◆ WORK REQUEST: Word for word, set down the entries that follow.

(Brief descriptive captions)
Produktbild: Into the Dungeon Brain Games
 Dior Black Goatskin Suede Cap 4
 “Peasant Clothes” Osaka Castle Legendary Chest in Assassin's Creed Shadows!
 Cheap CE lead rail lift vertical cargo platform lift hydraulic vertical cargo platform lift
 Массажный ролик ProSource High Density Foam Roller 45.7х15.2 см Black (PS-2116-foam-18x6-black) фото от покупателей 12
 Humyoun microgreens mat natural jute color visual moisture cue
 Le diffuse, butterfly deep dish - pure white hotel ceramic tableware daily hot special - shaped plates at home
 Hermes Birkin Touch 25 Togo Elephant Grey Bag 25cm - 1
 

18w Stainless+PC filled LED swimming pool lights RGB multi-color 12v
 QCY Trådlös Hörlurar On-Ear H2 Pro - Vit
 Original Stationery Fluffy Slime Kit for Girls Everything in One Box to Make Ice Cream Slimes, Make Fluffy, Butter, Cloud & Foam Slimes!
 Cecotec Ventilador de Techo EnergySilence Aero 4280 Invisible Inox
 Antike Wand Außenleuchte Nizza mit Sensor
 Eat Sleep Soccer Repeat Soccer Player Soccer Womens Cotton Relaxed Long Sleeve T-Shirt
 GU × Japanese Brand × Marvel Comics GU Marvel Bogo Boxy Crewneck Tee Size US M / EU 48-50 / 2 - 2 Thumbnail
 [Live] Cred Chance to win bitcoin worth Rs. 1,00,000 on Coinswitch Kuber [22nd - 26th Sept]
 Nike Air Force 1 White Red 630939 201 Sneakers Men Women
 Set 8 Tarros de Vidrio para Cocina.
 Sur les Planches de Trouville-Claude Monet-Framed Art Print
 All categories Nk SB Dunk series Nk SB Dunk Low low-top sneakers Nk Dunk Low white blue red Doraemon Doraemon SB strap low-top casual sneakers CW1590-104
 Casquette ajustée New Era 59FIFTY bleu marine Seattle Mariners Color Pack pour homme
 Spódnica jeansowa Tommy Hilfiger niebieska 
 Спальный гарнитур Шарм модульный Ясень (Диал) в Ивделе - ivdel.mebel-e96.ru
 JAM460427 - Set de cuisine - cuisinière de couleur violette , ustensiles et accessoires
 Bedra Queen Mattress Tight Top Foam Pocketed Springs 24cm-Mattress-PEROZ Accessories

◆ RESPONSE:
Produktbild: Into the Dungeon Brain Games
 Dior Black Goatskin Suede Cap 4
 “Peasant Clothes” Osaka Castle Legendary Chest in Assassin's Creed Shadows!
 Cheap CE lead rail lift vertical cargo platform lift hydraulic vertical cargo platform lift
 Массажный ролик ProSource High Density Foam Roller 45.7х15.2 см Black (PS-2116-foam-18x6-black) фото от покупателей 12
 Humyoun microgreens mat natural jute color visual moisture cue
 Le diffuse, butterfly deep dish - pure white hotel ceramic tableware daily hot special - shaped plates at home
 Hermes Birkin Touch 25 Togo Elephant Grey Bag 25cm - 1
 

18w Stainless+PC filled LED swimming pool lights RGB multi-color 12v
 QCY Trådlös Hörlurar On-Ear H2 Pro - Vit
 Original Stationery Fluffy Slime Kit for Girls Everything in One Box to Make Ice Cream Slimes, Make Fluffy, Butter, Cloud & Foam Slimes!
 Cecotec Ventilador de Techo EnergySilence Aero 4280 Invisible Inox
 Antike Wand Außenleuchte Nizza mit Sensor
 Eat Sleep Soccer Repeat Soccer Player Soccer Womens Cotton Relaxed Long Sleeve T-Shirt
 GU × Japanese Brand × Marvel Comics GU Marvel Bogo Boxy Crewneck Tee Size US M / EU 48-50 / 2 - 2 Thumbnail
 [Live] Cred Chance to win bitcoin worth Rs. 1,00,000 on Coinswitch Kuber [22nd - 26th Sept]
 Nike Air Force 1 White Red 630939 201 Sneakers Men Women
 Set 8 Tarros de Vidrio para Cocina.
 Sur les Planches de Trouville-Claude Monet-Framed Art Print
 All categories Nk SB Dunk series Nk SB Dunk Low low-top sneakers Nk Dunk Low white blue red Doraemon Doraemon SB strap low-top casual sneakers CW1590-104
 Casquette ajustée New Era 59FIFTY bleu marine Seattle Mariners Color Pack pour homme
 Spódnica jeansowa Tommy Hilfiger niebieska 
 Спальный гарнитур Шарм модульный Ясень (Диал) в Ивделе - ivdel.mebel-e96.ru
 JAM460427 - Set de cuisine - cuisinière de couleur violette , ustensiles et accessoires
 Bedra Queen Mattress Tight Top Foam Pocketed Springs 24cm-Mattress-PEROZ Accessories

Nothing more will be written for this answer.